Nicolae began his musical education at the age of seven, learning the violin and piano, a relatively late age.
He says: “I think with musical instruments you can never start early enough, it is ideal to start at four years old.”
He has no complaints regarding his early music education, describing it as “typical”, working through baroque, classical and romantic styles of music like many other music schools in the West.
But after completing his school studies Nicolae was expecting to go into further education in Romania to continue his musical education but he found that education policies were trying to steer him away from such a course.
He says: “It was just after the Cultural Revolution in China and the government was trying to cut down on the humanistic side of education, away from the arts and philosophy, and more to things like agriculture.
“I auditioned as a violinist for an orchestra in East Germany and was lucky enough to get a job.”
He left Romania aged 20 and four years later he fled to the West.
But that did not end his problems as his status as a refugee made it very difficult for him to work in different European countries. He says: “The image of a conductor is exactly the opposite of that as a refugee. I think I had a lot of problems working because I was a refugee.”
As his conducting career was taking off he was in increasing demand across Europe but without work permits he faced significant challenges.

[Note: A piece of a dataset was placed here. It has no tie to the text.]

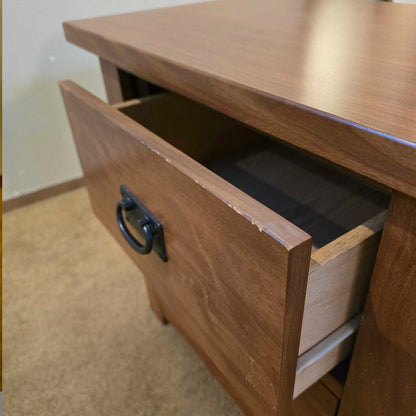 Wooden drawer with open drawer on a wooden cabinet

He adds: “It was like a James Bond movie, I would be making solo car journeys across the Alps. Promoters might want me to perform but they might not have wanted this problem.”
He finally got Swiss citizenship three years ago and his first break in England occurred when he became resident conductor of the Bournemouth Symphony Orchestra in 1996 and he has conducted with the BBC Philharmonic, the City of Birmingham Orchestra, and became associate guest conductor of the London Mozart Players in 2002.
As a conductor he has been careful not to get pigeonholed, and varies his repertoire as much as he can. He says: “A conductor should be able to read any score, baroque music or modern music. Last year I played the harpsichord at Kenwood, but this year there is a full range of opera goodies with an orchestra and a choir.
“I just hope the weather will be good and everyone will be cheerful.”